Repeat exactly the lines below that lie between the line with "ALLEN BRADLEY 800H-NR2KP4PPXX" and the line with "Mi abuela me", counting both of those lines as part of the answer.

────────────────────

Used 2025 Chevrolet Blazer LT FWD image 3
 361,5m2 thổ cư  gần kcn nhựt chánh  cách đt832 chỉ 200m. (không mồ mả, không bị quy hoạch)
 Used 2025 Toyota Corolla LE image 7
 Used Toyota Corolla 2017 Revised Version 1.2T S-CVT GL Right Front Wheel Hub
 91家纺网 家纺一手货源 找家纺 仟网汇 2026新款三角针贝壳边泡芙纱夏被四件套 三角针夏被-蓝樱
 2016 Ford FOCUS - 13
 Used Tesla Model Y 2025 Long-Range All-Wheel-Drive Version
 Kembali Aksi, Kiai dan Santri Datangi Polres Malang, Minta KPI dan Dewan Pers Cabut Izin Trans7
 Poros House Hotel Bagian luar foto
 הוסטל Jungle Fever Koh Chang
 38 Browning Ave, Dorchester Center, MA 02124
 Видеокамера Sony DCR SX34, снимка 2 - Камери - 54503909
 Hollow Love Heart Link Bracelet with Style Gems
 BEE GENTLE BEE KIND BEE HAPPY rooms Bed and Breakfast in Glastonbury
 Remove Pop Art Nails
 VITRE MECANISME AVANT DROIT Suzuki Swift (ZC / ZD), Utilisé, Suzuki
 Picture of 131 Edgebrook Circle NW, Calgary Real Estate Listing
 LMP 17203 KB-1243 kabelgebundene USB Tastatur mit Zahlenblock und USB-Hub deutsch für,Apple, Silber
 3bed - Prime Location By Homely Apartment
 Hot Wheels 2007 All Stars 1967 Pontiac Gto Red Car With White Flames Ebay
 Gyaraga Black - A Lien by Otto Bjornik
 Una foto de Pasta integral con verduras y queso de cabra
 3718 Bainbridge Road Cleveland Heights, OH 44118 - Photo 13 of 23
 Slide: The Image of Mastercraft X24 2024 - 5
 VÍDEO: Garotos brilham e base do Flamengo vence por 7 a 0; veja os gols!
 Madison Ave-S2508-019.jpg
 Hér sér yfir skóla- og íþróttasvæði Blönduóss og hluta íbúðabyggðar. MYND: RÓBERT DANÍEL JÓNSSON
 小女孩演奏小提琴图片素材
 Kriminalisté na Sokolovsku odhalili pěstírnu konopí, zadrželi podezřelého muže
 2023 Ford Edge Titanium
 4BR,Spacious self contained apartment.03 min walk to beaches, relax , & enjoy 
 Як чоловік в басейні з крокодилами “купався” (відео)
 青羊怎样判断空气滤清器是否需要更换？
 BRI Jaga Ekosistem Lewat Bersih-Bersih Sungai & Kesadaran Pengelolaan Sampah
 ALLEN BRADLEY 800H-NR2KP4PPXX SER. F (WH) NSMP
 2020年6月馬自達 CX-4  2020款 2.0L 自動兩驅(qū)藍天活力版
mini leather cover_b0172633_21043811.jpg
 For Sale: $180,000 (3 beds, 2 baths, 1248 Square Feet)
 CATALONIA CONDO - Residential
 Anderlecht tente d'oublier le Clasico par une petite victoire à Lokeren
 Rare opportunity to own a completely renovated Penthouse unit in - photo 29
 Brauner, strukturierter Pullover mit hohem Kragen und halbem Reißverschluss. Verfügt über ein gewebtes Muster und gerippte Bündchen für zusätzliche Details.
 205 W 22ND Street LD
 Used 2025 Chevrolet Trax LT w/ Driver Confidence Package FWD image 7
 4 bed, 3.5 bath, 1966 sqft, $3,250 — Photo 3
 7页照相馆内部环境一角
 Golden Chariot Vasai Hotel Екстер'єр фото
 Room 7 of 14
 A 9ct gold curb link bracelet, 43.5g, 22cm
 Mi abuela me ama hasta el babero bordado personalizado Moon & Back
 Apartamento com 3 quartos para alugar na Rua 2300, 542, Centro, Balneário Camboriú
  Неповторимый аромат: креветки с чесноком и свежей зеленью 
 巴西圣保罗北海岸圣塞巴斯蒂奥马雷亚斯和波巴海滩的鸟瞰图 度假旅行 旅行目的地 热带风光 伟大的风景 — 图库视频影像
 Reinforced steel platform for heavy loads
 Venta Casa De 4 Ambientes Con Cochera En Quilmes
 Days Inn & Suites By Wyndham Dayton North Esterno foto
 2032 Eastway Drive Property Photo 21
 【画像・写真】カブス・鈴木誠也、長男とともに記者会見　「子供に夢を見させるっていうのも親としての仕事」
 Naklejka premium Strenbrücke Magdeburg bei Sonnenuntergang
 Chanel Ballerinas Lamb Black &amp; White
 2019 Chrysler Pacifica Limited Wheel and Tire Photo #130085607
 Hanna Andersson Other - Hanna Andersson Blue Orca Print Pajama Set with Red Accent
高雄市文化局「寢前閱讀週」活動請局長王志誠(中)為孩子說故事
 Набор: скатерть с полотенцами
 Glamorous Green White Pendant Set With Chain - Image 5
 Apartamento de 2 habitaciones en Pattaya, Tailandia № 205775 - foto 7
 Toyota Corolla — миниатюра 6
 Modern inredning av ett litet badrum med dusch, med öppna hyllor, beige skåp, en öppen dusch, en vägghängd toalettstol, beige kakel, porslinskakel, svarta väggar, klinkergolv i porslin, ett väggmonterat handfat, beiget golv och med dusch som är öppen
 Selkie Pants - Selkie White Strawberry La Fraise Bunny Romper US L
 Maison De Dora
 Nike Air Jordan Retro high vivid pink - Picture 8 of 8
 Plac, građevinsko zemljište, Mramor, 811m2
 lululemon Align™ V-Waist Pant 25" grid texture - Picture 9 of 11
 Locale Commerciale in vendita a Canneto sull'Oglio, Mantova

────────────────────

§ PROBLEM SOLUTION:
 ALLEN BRADLEY 800H-NR2KP4PPXX SER. F (WH) NSMP
 2020年6月馬自達 CX-4  2020款 2.0L 自動兩驅(qū)藍天活力版
mini leather cover_b0172633_21043811.jpg
 For Sale: $180,000 (3 beds, 2 baths, 1248 Square Feet)
 CATALONIA CONDO - Residential
 Anderlecht tente d'oublier le Clasico par une petite victoire à Lokeren
 Rare opportunity to own a completely renovated Penthouse unit in - photo 29
 Brauner, strukturierter Pullover mit hohem Kragen und halbem Reißverschluss. Verfügt über ein gewebtes Muster und gerippte Bündchen für zusätzliche Details.
 205 W 22ND Street LD
 Used 2025 Chevrolet Trax LT w/ Driver Confidence Package FWD image 7
 4 bed, 3.5 bath, 1966 sqft, $3,250 — Photo 3
 7页照相馆内部环境一角
 Golden Chariot Vasai Hotel Екстер'єр фото
 Room 7 of 14
 A 9ct gold curb link bracelet, 43.5g, 22cm
 Mi abuela me ama hasta el babero bordado personalizado Moon & Back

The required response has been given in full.